◆ What is being asked:
Your job is to return each record exactly, minus any pictures.

◆ Task input:
———

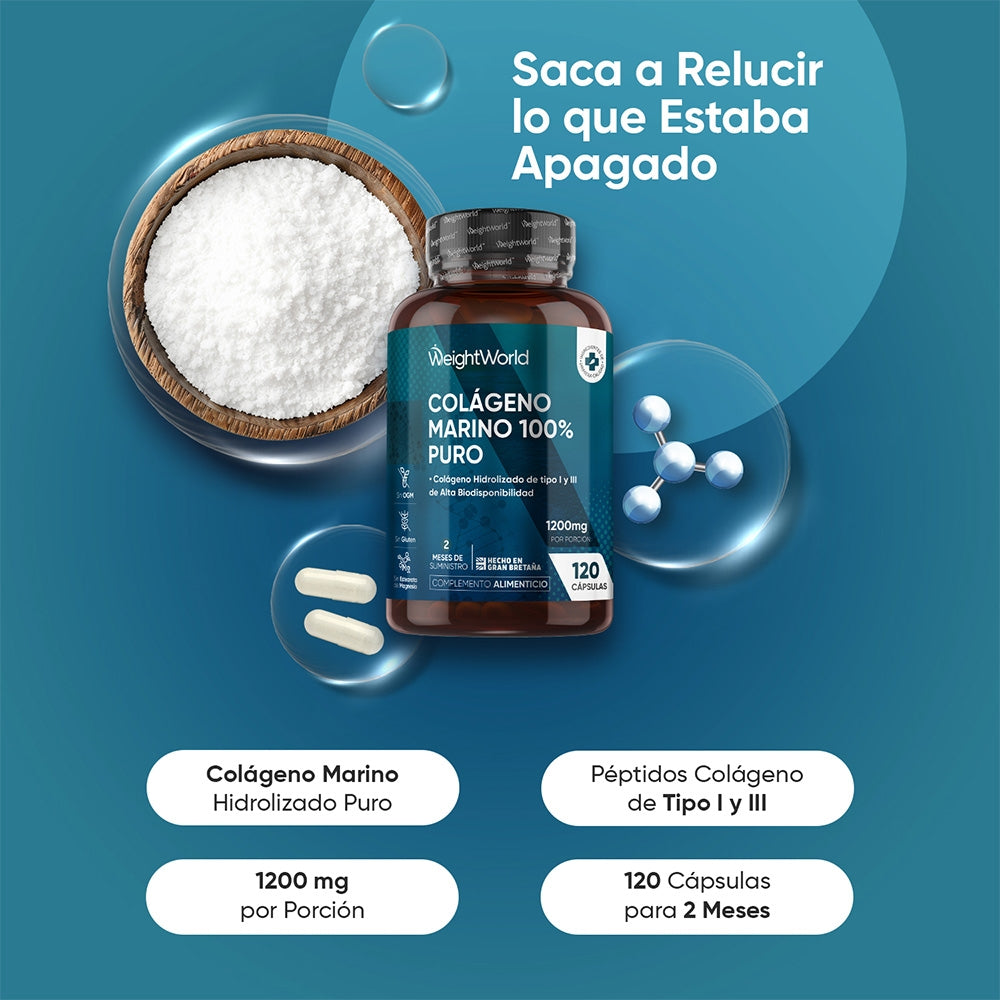 Colágeno Marino de alta potencia 1200 mg
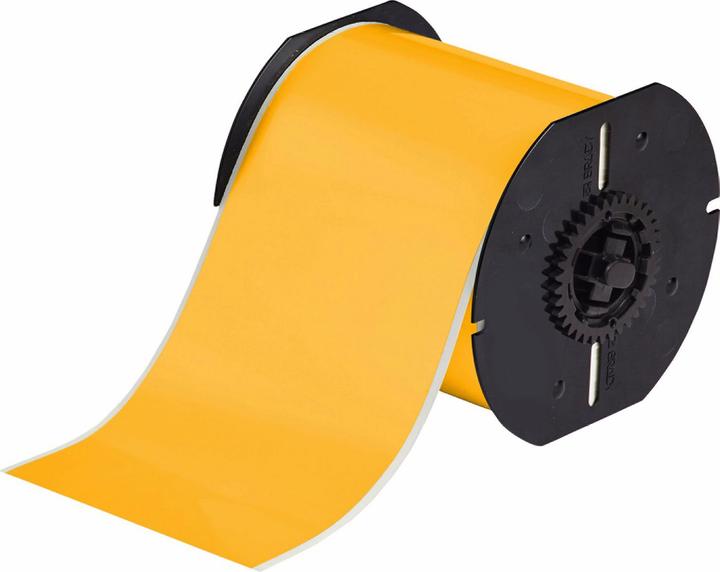 Brady B30C-4000-569-YL, poliestere ad alte prestazioni, giallo, lucido, 101,60 mm x 30,48 m, permanente, E (10.16 cm)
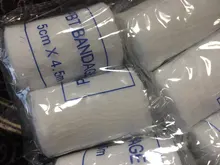 6 rollos/lote de vendaje elástico PBT de 5cm x 4,5 m, Kit de primeros auxilios, vendaje de gasa, vendaje médico para cuidados de emergencias, vendaje para heridas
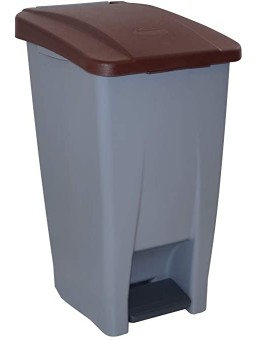 CUBO CONTENEDOR RUEDAS Y PEDAL 120 L. DENOX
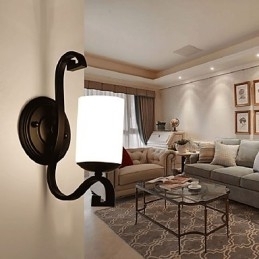 Moderne Samtidsmaleri For Omgivelseslys Vegglampe Med Vegglampe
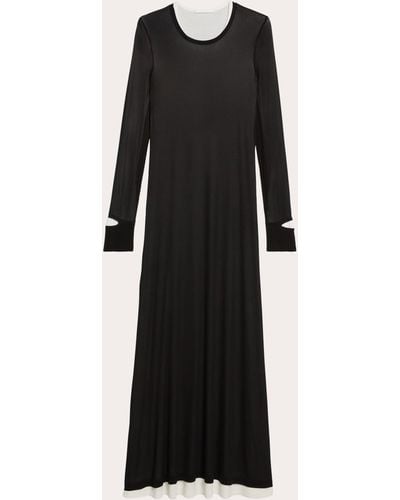 Helmut Lang Double Layer Dress - Black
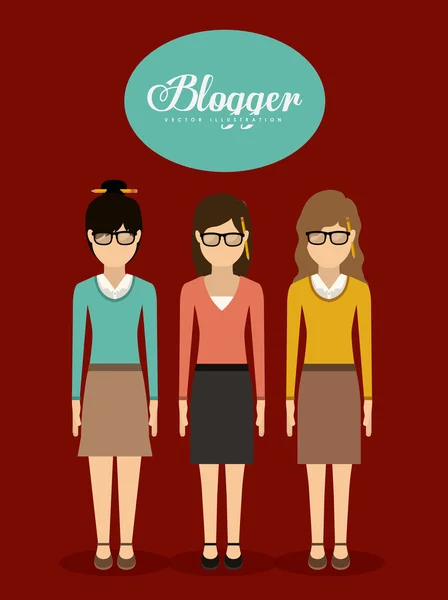 Blogger tasarım — Stok Vektör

———

◆ Exercise answer:
 Colágeno Marino de alta potencia 1200 mg
 Brady B30C-4000-569-YL, poliestere ad alte prestazioni, giallo, lucido, 101,60 mm x 30,48 m, permanente, E (10.16 cm)
 6 rollos/lote de vendaje elástico PBT de 5cm x 4,5 m, Kit de primeros auxilios, vendaje de gasa, vendaje médico para cuidados de emergencias, vendaje para heridas
 CUBO CONTENEDOR RUEDAS Y PEDAL 120 L. DENOX
 Moderne Samtidsmaleri For Omgivelseslys Vegglampe Med Vegglampe
 Helmut Lang Double Layer Dress - Black
 Blogger tasarım — Stok Vektör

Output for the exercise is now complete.